The astable type uses the simplest magnetics, but it can take some effort to get decent power out of it.

Solar garden lights use a variety of Joule thief type circuits to generate 3.4V for a white LED or 4V for the colour changing ones.

You can suck the cell a little more dry by using a germanium transistor, losses will be higher and suitable types are getting very hard to find.
 

DickCappels

Joined Aug 21, 2008
6,457
If you are referring to what has been called "Joul Thief" for the past 12 years or so, they are all similar being blocking oscillators that source current into the LED when the active device switches off. Peformance primarily a function of component selection.

The topic is covered lightly (no pun) but at some depth in the article at the link below)
http://cappels.org/dproj/ledpage/leddrv.htm
 

tcmtech

Joined Nov 4, 2013
2,867
I'd love to do some work with a thermoelectric generator.
Find a peltier cooler and run it backwards by transferring heat across it being all it is is a bunch of thermoelectric junctions (generators) in series so that they will work at a higher voltage. :rolleyes:
 

Thread Starter

bulrush

Joined Jan 1, 2017
30
@tcmtech : Thanks. I think I have 5 TEGs somewhere in a box.

@crutschow : I looked at the specs on the LT site and it doesn't mention the input voltage vs the output voltage. It just mentions the output voltage is settable to a fixed value. It doesn't mention the minimum input voltage.
 

ian field

Joined Oct 27, 2012
6,539
I've read that these chips are generally really inefficient. Especially ones from the dollar store.
They usually integrate a 2 transistor oscillator and probably only vary in minor detail from one type to another.

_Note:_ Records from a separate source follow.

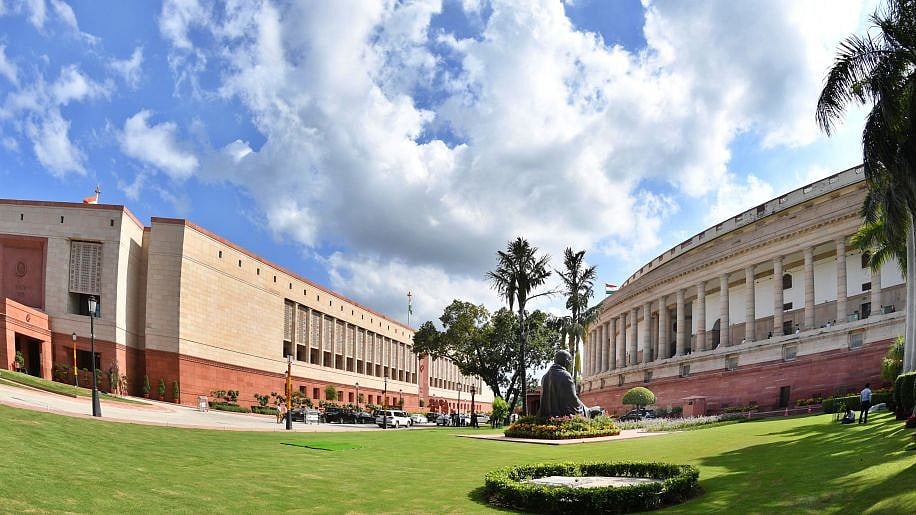 संसद की नई और पुरानी इमारतें (फोटो - Getty Images)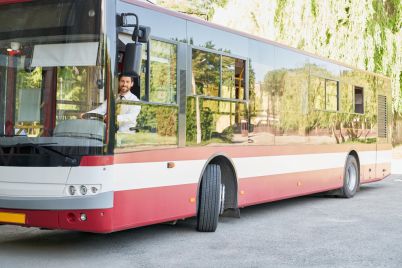 elegant-driver-sitting-shuttle-bus-smiling-camera-summer-day-front-view-happy-man_7502-10207.jpg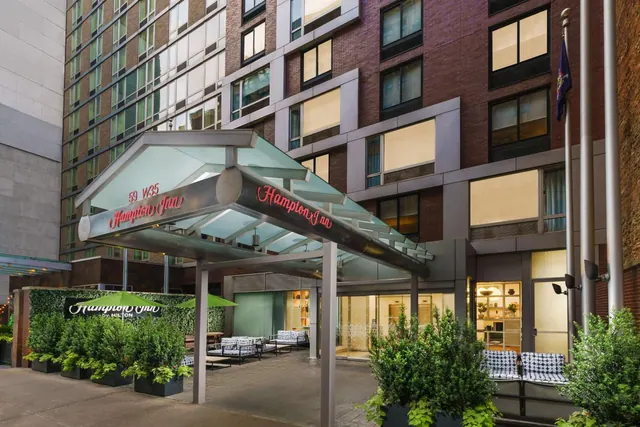 Exterior of a Hampton Inn entrance with a glass canopy, potted shrubs, outdoor benches and a brick and glass facade at dusk.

The chip also integrates light sensing to switch off during daylight. Originally they had an LDR and separate shutdown circuit, AFAIK: the chip uses a B/E junction to sense charging current from the solar cell - this doubles as the backflow blocking diode that stops the battery discharging into the solar cell during low light. They used to use a low Vf Shottky barrier diode, the B/E junction drops more than double the Vf.
 

ian field

Joined Oct 27, 2012
6,539
If you are referring to what has been called "Joul Thief" for the past 12 years or so, they are all similar being blocking oscillators that source current into the LED when the active device switches off. Peformance primarily a function of component selection.

The topic is covered lightly (no pun) but at some depth in the article at the link below)
http://cappels.org/dproj/ledpage/leddrv.htm
The term; "Joule thief" always makes me think of the blocking oscillator, but a lot of people also include any circuit type that can run a LED and suck a 1.5V cell dry.
 
@crutschow: Thanks! Yummy DC boosting goodness. I might try to buy one of those LTC3108s.

Wow. On Ebay the chip alone goes for $14-23. A working board with the chip is $40. Fun but pricey. I'd love to do some work with a thermoelectric generator. I might have to ask for an Ebay gift card for my birthday.
How about this $8 one over at ali: https://www.aliexpress.com/item/LTC3108-1-ultra-low-voltage-boost-converter-power-manager-development-board/32819094120.html
 

ro0ter

Joined Jul 9, 2013
14
@crutschow : I looked at the specs on the LT site and it doesn't mention the input voltage vs the output voltage. It just mentions the output voltage is settable to a fixed value. It doesn't mention the minimum input voltage.[/QUOTE]

min 20mV
max 500mV


Screenshot-2018-02-01--15-09-33.png
 

ro0ter

Joined Jul 9, 2013
14
However, I`d rather use the scavenger and have the AA/AAA batteries first in parallel then in series... use a dpdt switch, or some automatic tripping circuit for when the voltage of the cell goes under 0.9v for instance...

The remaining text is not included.